5.4. Parallel Processing#

The MATLAB parpool documentation and imply that parpool uses the number of physical cores (rather than logical) by default. However, there are instances where the parpool shuts down due to requesting “too many logical cores”, suggesting the contrary to the documentation. You can avoid many parallel-processing related issues by reducing the number of workers to the actual number of physical cores:

p = parpool;     % NOT RECOMMENDED, CaImAn will very likely run out of resources error
p = parpool(2);  % use only 2 parallel workers

This can vary greatly across programs and platforms.

Tip

You should first ensure the pipeline will run using <1/2 available cores before increasing the compute demands.

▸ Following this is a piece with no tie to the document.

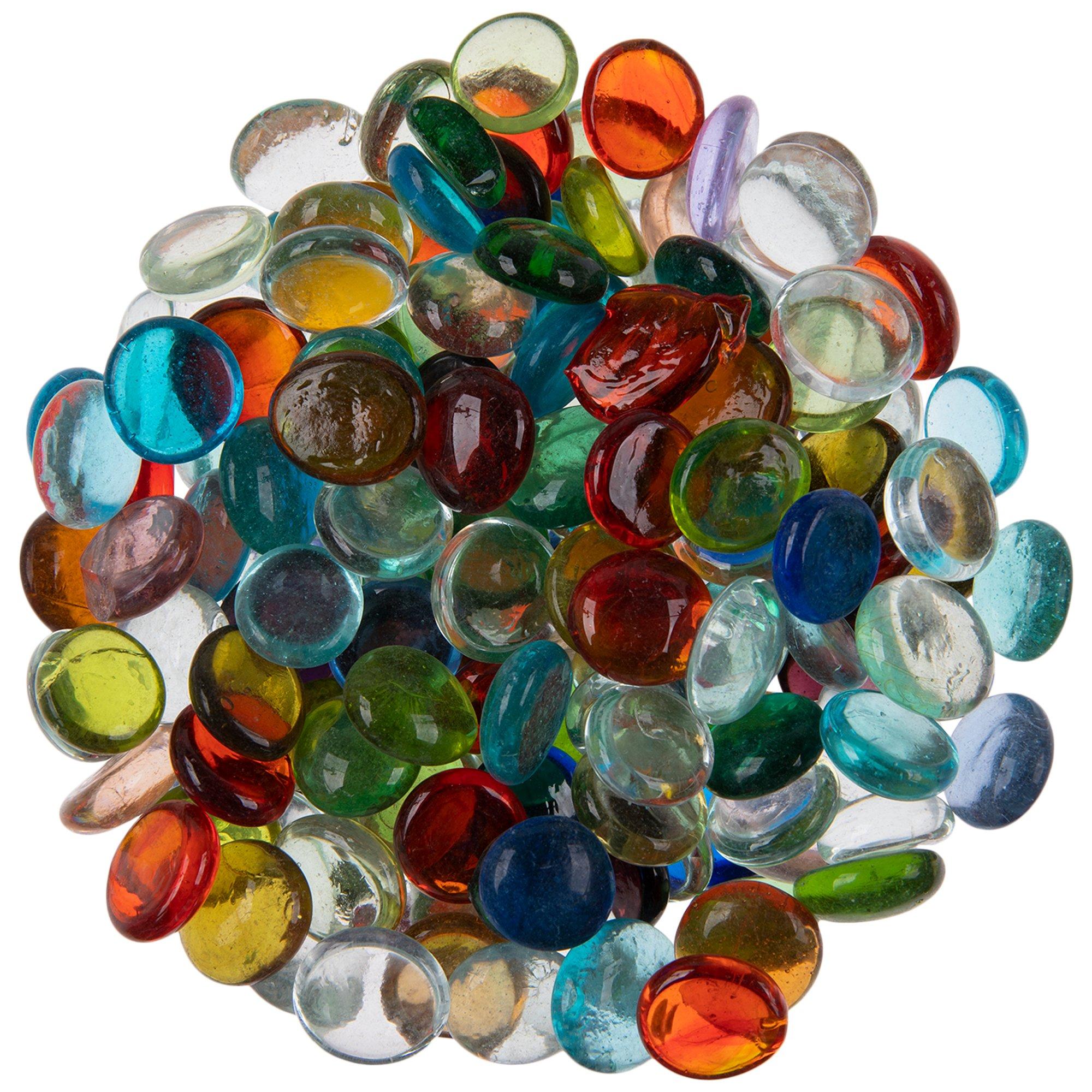 Round Transparent Glass Mosaic Gems | Hobby Lobby | 248559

We can get this value in Matlab using the undocumented feature(‘numcores’) function:

numCores = feature('numcores');
p = parpool(numCores);

Running feature(‘numcores’) without assigning its output displays some general debugging information:

>> feature('numcores')
MATLAB detected: 24 physical cores.
MATLAB detected: 32 logical cores.
MATLAB was assigned: 32 logical cores by the OS.
MATLAB is using: 24 logical cores.
MATLAB is not using all logical cores because hyper-threading is enabled.

ans =

    24

You can use this return value to decide how how much of your computers total processing power should be dedicated toward running this pipeline:

>> feature('numcores') - 2 % leave 2 cores open for the rest of the system

ans =

    23

This is equally valid for parfor/eval loops and spmd blocks, since both of them use the pool of workers started by parpool.

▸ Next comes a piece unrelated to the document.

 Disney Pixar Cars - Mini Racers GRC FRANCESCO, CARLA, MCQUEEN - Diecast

5.5. Find MATLAB Install Location#

The location of the installation is often in ~/Documents/MATLAB/. If you put the root directory elsewhere, you will need to navigate to that directory within the matlab GUI.

Modern versions of MATLAB (2017+) solve most Linux/Windows filesystem conflicts.

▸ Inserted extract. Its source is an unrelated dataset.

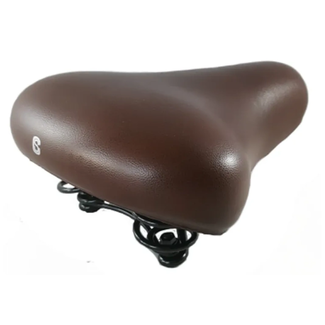 Selle Comfort Cityfiets zadel donkerbruin met foamvulling, inclusief strop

Generally, the main difference in matlab installations on unix vs windows systems is nothing more than the install path:

Windows (64-bit):
- C:\Program Files\MATLAB\R20XXx (64-bit MATLAB)
- C:\Program Files (x86)\MATLAB\R20XXx (32-bit MATLAB)
Windows (32-bit):
- C:\Program Files\MATLAB\R20XXx
Linux:
- /usr/local/MATLAB/R20XXx
Mac:
- /Applications/MATLAB_R20XXx.app

To find your install location:

>> matlabroot
    ans =
        'C:\Program Files\MATLAB\R2023b'

Generally, MATLAB code should be stored in your userpath:

>> userpath
ans =
    'C:\Users\RBO\Documents\MATLAB'

You can add the path programmatically from within matlab:

>> addpath(genpath("path/to/caiman_matlab"))

Otherwise, you can simply navigate to that directory within the matlab GUI or add the path to this repository as shown in the install from source section.